Are you ready to go label - free?

With real-time detection and the ability to handle complex mixtures - acoustic biosensor technology is ideal for label free bio-analysis

SELECTIVE molecular interaction is a fundamental process essential for life, being the basis for enzyme-substrate, antibody–antigen and ligand-receptor activity. Radioactive or fluorescent molecular labels have enabled significant research on such proteins but they can have drawbacks, especially where their addition alters the binding kinetics. In response, many companies have developed label-free, real-time biosensors for biotechnology applications to complement or even displace other detection technologies. The continuous evaluation of the formation of biocomplexes provides more detailed information compared to label-based techniques, which measure the amount of the bound label only at the end of the binding process.

The widespread adoption of biosensors started in the early 1990s when the first optical platforms based on surface plasmon resonance (SPR) entered the market.  Although mostly advanced optical systems are utilised, piezoelectric and acoustic devices represent similar but significantly less expensive alternatives.

The number of publications that involve the use of quartz crystal microbalance (QCM) technology has increased rapidly since the mid 1980s and in particular since the 1990s. Acoustic biosensors have been employed in the label-free detection of an incredibly broad range of analytes - from interfacial chemistries and lipid membranes to small molecules and whole cells (Marx, 2003; Skládal, 2003; Cooper and Singleton, 2007). However, most of the data have been generated using “home built” QCM systems, often with insufficient attention to surface chemistry and assay reproducibility.

Any biosensor that utilises acoustics must possess a variety of integrated technical controls to facilitate the highest level of sensitivity, accuracy and precision. Previous attempts to exploit this detection method for biomolecular analysis have been limited by poor sample delivery mechanics, inadequate thermal controls and the lack of a multi-sensor analysis platform. To address the need of robust acoustic detection system that can generate reproducible data for a huge variety of analytes, instruments based on piezoelectric acoustic sensors have been developed more recently offering complimentary biosensor capability.

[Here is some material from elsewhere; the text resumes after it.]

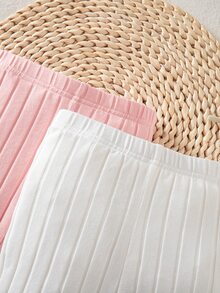 SHEIN Young Girl 2件組針織素色修身休閒內搭褲 - 彩色 - 查看 8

One such instrument is the RAPid 4 acoustic biosensor system which exploits resonant acoustic profiling (RAP). The instrument combines five key design components namely a novel acoustic biosensor, microfluidics, sensor cassettes, industrial liquid handling and intuitive control and analysis software. Its development involved significant innovation. For instance, a stress-free crystal mount replaces the conventional O-ring design used in other QCM devices. The new design markedly improves baseline stability enabling the study of slower off-rates, plus creates a smaller flow cell for improved kinetics with higher sensitivity. Secondly, novel algorithms have been implemented for more accurate determination of the resonant frequency change to observe the molecular interactions.

The RAPid 4 is a flow-based analysis system which performs label-free

“Acoustic biosensors have been employed in the label-free detection of an incredibly broad range of analytes - from interfacial chemistries and lipid membranes to small molecules and whole cells”

interaction analysis in real-time. By directly detecting the association and dissociation of molecules on the surface of a quartz crystal, the acoustic system enables the determination and quantification of protein interactions in buffered solutions and in complex mixtures that may contain solvents, serum, growth media or other impurities. In addition, the initial binding rate can be used to accurately determine the concentration of target molecules across a broad dynamic range. Currently, few technologies offer life scientists the ability to detect real-time kinetic data of this quality across such a broad range of samples, sample purities and concentrations.  RAPid 4 is designed to analyse up to 4 samples or combinations of samples and control materials in parallel, typically processing an average of 350 samples per day.  As a fully automated platform, it requires minimal user intervention and runs unattended for days.

The analytical capabilities of acoustic biosensors are ideally suited to the development of biotherapeutics, a rapidly expanding area of drug research. Direct measurement in crude and complex samples eliminates expensive time-consuming purification of often limited material while delivering high content information. Efficiency is further refined through automation and the elimination of analyte labelling. In addition, the real-time nature of acoustic detection allows prompt decisions to be made associated with biotherapeutic pharmacology, clone selection, culture conditions and purification efficiency.

Use of acoustic biosensors extends from research, through drug development and into preclinical studies, and includes several key applications:

• optimisation of recombinant protein and antibody affinities as biopharmaceuticals
• assessment of the concentration and integrity of proteins 
• immunogenicity studies
• improvement of protein expression, extraction and purification processes
• quality control of production processes in manufacturing

The application of acoustics is expanding the scope of label-free interactions analysis by enabling methods complementary to optical technologies such as surface plasmon resonance. The further introduction of robotics and refinement of analytical software routines suggests that the mainstream use of acoustic biosensors in biopharmaceutical research and production is just around the corner.